Hz. Salih`in hayatı

Hz. Sâlih, Şam ile Hicaz arasında "Hicr" denilen yerde yaşayan
"Semud" kavmine peygamber gönderilmiştir. Bu kavim de dağları delmiş,
taşları oymuş, kendilerine pek sağlam binalar yapmışlardı. Fakat, bunlar da
doğru yoldan çıkmış bulunuyorlardı. Hz. Sâlih'in yirmi sene devam eden
emirlerine ve öğütlerine muhalefet ettiler. "Bu deveye dokunmayınız"
dediği ve mûcize olarak taştan Allah'ın emri ile çıkardığı hayvanı boğazladılar.
Nihayet şiddetli bir gürültü ile yerlere serilip helâk oldular. Salih peygamber
de, kendisine îman edenlerle beraber çıkıp önce Şam'a, Filistin'e, sonra da
Mekke-i Mükerreme'ye gitti. Seksen beş sene veya iki yüz sene yaşadığı ve
Mekke-i Mükerreme'de Rükün ile makam arasında gömüldüğü rivayet edilir.[1]
Hz. Sâlih, Kur'an-ı Kerîm'de adı geçen peygamberlerden biri.[2] Semud kavmine
gönderilen peygamber olup Hz. Nuh'un oğullarından Sam'ın neslinden olup
Hz.Âdem'in 19. kuşaktan torunudur.[3]
Hz. Hûd'un peygamber olarak
gönderildiği Ad kavmi, isyânları sebebiyle büyük bir azaba düşüp, helâk olmuştu.
Îmân ettikleri için bu azaptan kurtulan insanlar ise kendilerine yeni yurtlar
kurmak üzere çeşitli bölgelere dağıldılar. Bu dağılan insanlardan bir kısmı,
Semûd denilen kimsenin evlatlarıdır. Semûd kavmi, Şam ile Hicaz arasındaki Hicr
denilen bölgede yerleşmişti. Bu sebeple “Eshâb-ül-Hicr” de denilen bu
kavim, gün geçtikçe çoğalıp büyüdü. Dokuz kabîleden meydana geldi.[5] Reisleri
de Cenda bin Amr isminde birisi idi.[3] Yazları sıcak günlerde yüksek yaylalara
dağlara çıkarlar, taşlara oydukları büyük, saraylarda yaşarlardı. Kış mevsimi
gelip de soğuklar bastırdığında aşağı vadiye iner orada yaptıkları köşklerde
yaşarlardı.[4]
Çok çalışıp, bağlar, bahçeler yetiştirdi. Çöllerin kuru
sıcağından kurtulup, dağları oyarak tepelere saraylar, ovalara köşkler kurdular.
Sanatta ve servette iyice ilerlediler.
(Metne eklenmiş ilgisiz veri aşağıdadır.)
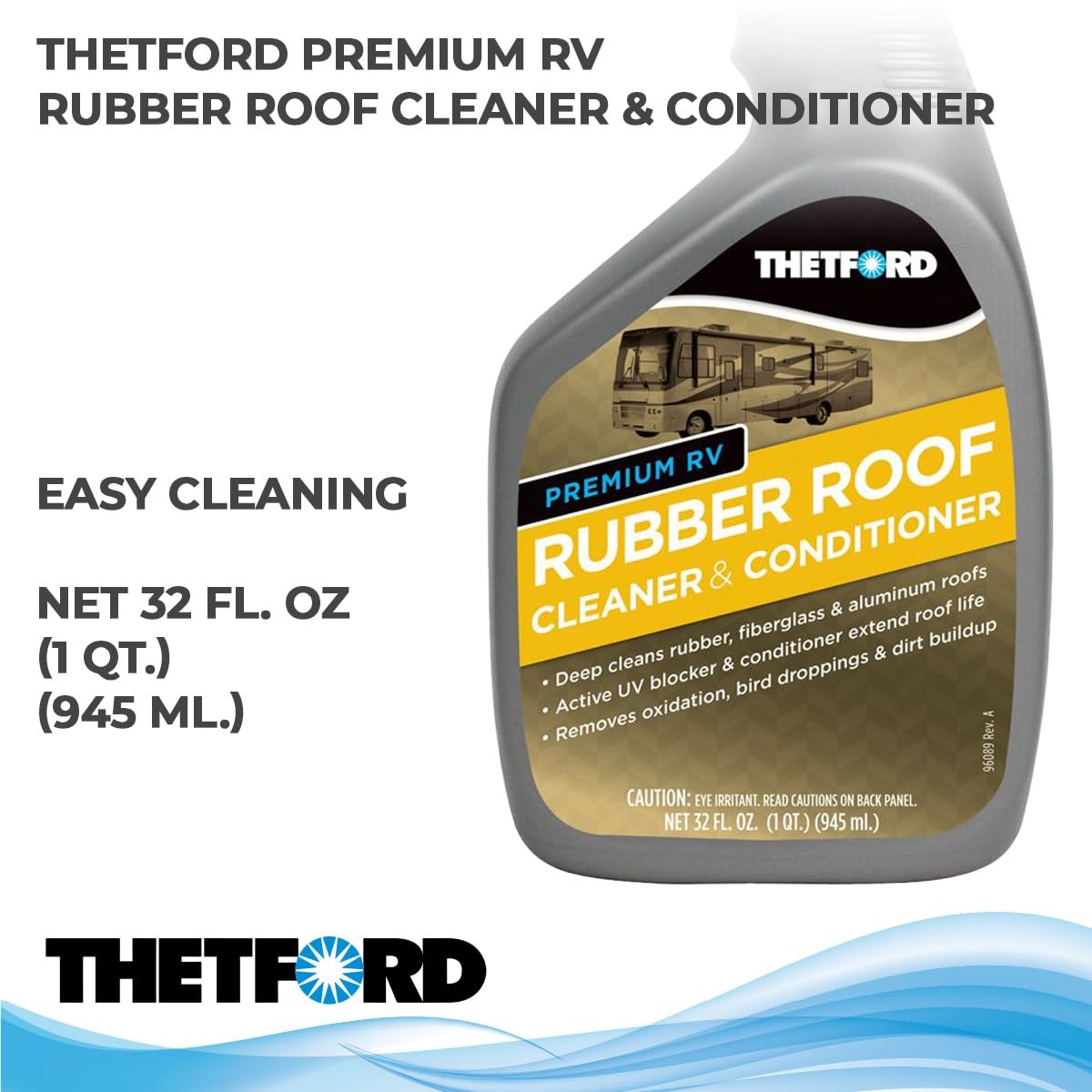 32512 Premium RV Rubber Roof Cleaner and Conditioner-32, 32 fl. oz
Ancak, zevk ve safâya düşüp daha önce
kendilerine Hûd tarafından bildirilen, hak dinden yavaş yavaş uzaklaşmaya
başladılar. Kabîle reislerinin de zulme ve haksızlığa başlamaları üzerine,
gittikçe çözülen, Semûd kavmi, nihâyet ağaçtan ve taştan putlar yapıp tapmaya
başladılar. Saptıkları kötü yolda sürüklenerek, tevhid esâsından, Allah-u
teâlâya îmân etmekten tamâmen uzaklaştılar. Câhil ve azgın bir kavim
oldular.[5]
İşte bu diyarda Hz. Sâlih doğup büyüdü.[3] Semud kavminin ileri
gelenlerinden, Ubeyd adlı bir zatın oğlu olan Salih, güzel ahläkı, hoşgörüsü,
fakirleri ve zayıflan kollayıp korumasıyla herkesin gönlünü almıştı.[4] Küçük
yaştan itibaren putlara tapmazdı, ve ileride kendisinin Semûd'a lazım
olabileceği için ona kimse bir şey diyemezdi.[3]

Hz. Sâlih, bu kavim
arasında herkesle iyi geçinen, fakirlere yardım eden, zayıfları koruyan ve üstün
ahlâkıyla sevilen bir zâttı. Kırk yaşlarına geldiği sırada, Allah-u Teâlâ onu
Semûd kavmine, doğru yolu göstermek üzere peygamber olarak gönderdi;
«Biz,
Semûd kavmine kardeşleri Salih'i (gönderdik)»

«Andolsun, Biz Semud
(kavmine) kardeşleri Salih'i: "Yalnızca Allah'a kulluk edin" diye (demek üzere)
gönderdik. Bir de ne görsün, onlar birbirilerine düşman kesilmiş iki gruptur.»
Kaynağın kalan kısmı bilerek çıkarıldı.